When the Protective Layer Above Us Is Gone
Some losses change our memories others quietly change our place in the timeline of life.
March 8 marked twelve years since my dad passed away.
Anniversaries of loss have their own rhythm. Some years arrive heavy with memory. Other years come more quietly, carrying reflection rather than sharp grief. This year, I found myself thinking about something I’ve come to understand slowly over time that is the way losing a parent shifts our sense of where we see ourselves in the world.
Life unfolds in layers of generations. When our parents are alive even when we are fully grown adults there is often an unconscious sense that someone still stands ahead of us in the timeline of life. They carry a certain authority simply by having lived longer. Their presence creates a subtle kind of shelter.
Then one day that layer changes as when our parents die the protective generation above us is gone. For a long time after my dad died I felt like his princess who had lost her crown. That was the feeling that stayed with me a quiet sense that something essential had been taken away.
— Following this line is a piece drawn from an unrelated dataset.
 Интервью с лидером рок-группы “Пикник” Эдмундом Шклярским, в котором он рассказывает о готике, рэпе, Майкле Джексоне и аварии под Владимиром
But this year something felt different. On Saturday March 8, I went about my day with a new kind of knowing. Not the feeling of a crown lost, but something steadier…………..I am still Len’s daughter and I wore that crown with a smile. Some days it is crocked but it is always there.
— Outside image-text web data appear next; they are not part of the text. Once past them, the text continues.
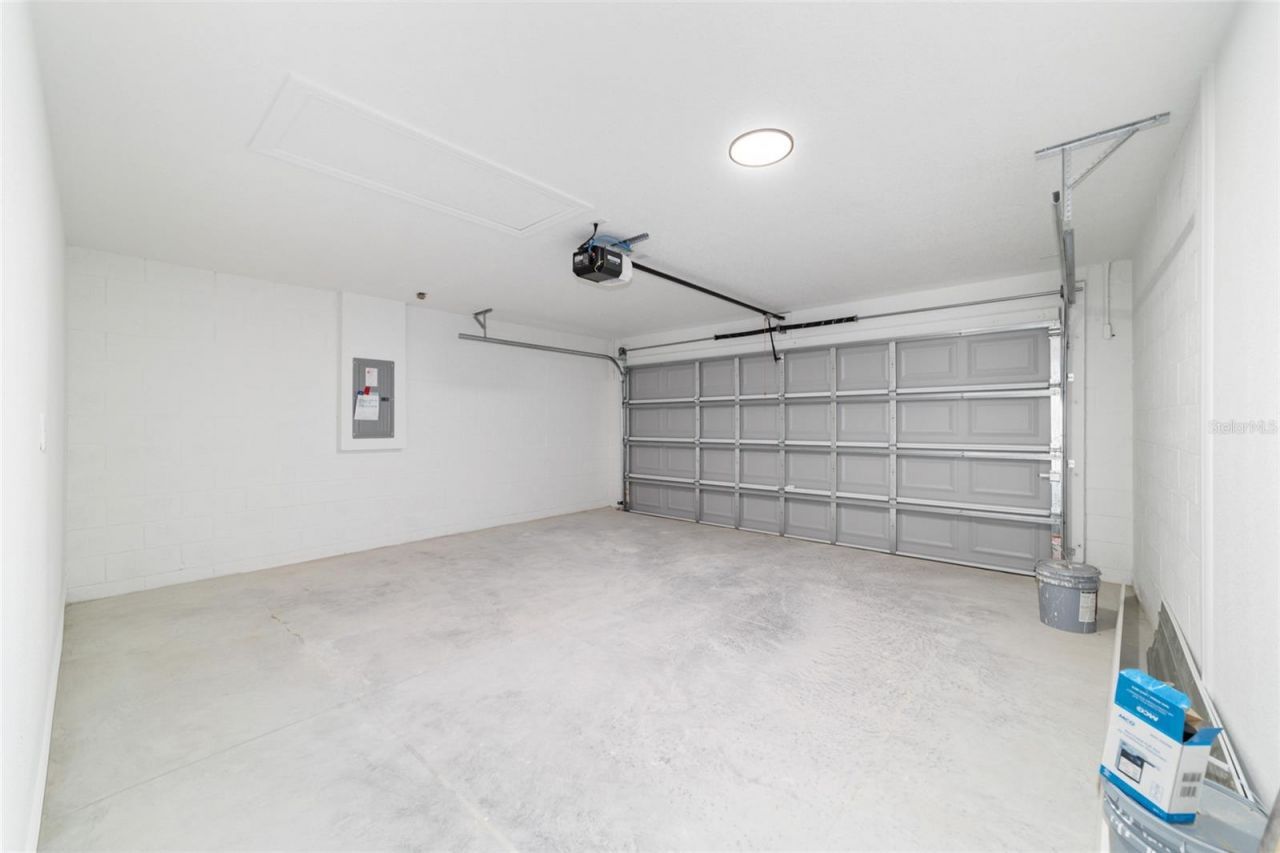 24492 NW Hemlock Avenue, Dunnellon, FL 34431 Photo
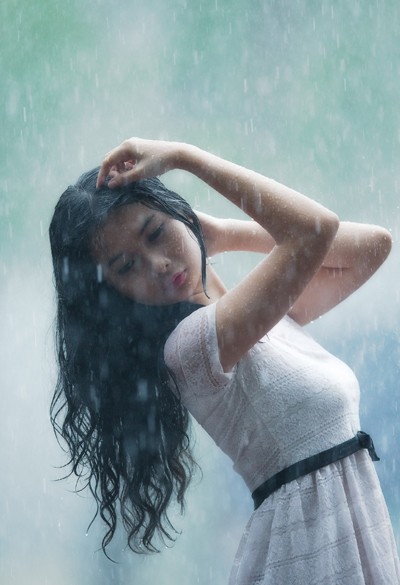 Người mẫu Xuân Thuỳ thánh thiện dưới mưa ảnh 6 Người mẫu Xuân Thuỳ thánh thiện dưới mưa ảnh 6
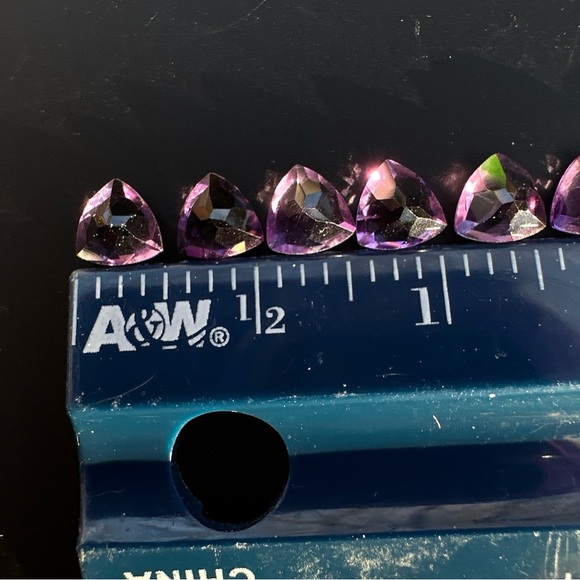 6.97ct Natural Purple Amethyst Trillion Cut Lot - Picture 5 of 17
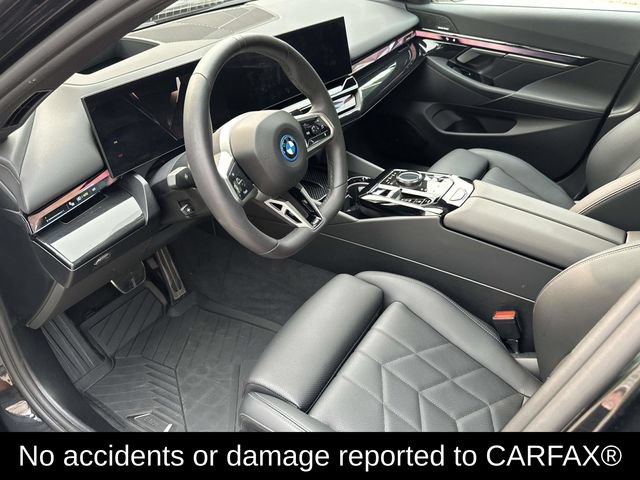 Used 2026 BMW i5 eDrive40 w/ M Sport Package AWD/4WD video 2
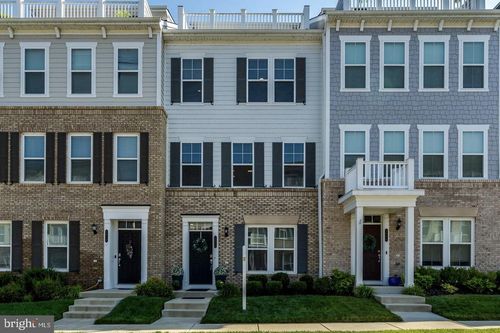 1910 Greenbriar Hall Rd, DUMFRIES, VA, 22026-3073 | Card Image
Can you read what my apron says?
“It’s not easy being an Irish Princess”
We were in my apartment in Mountain View about to head to San Francisco and one item on the agenda was to have afternoon tea. For 35 years my Dad worked for Lyons tea one of the biggest tea companies in Ireland so we went to celebrate his retirement by having tea. We also walked to the playground in Golden Gate Park and we rode the carousel. I love carousels and Dad humored me and came on with me. We finished up the day with a long walk at Ocean beach. It was a perfect day.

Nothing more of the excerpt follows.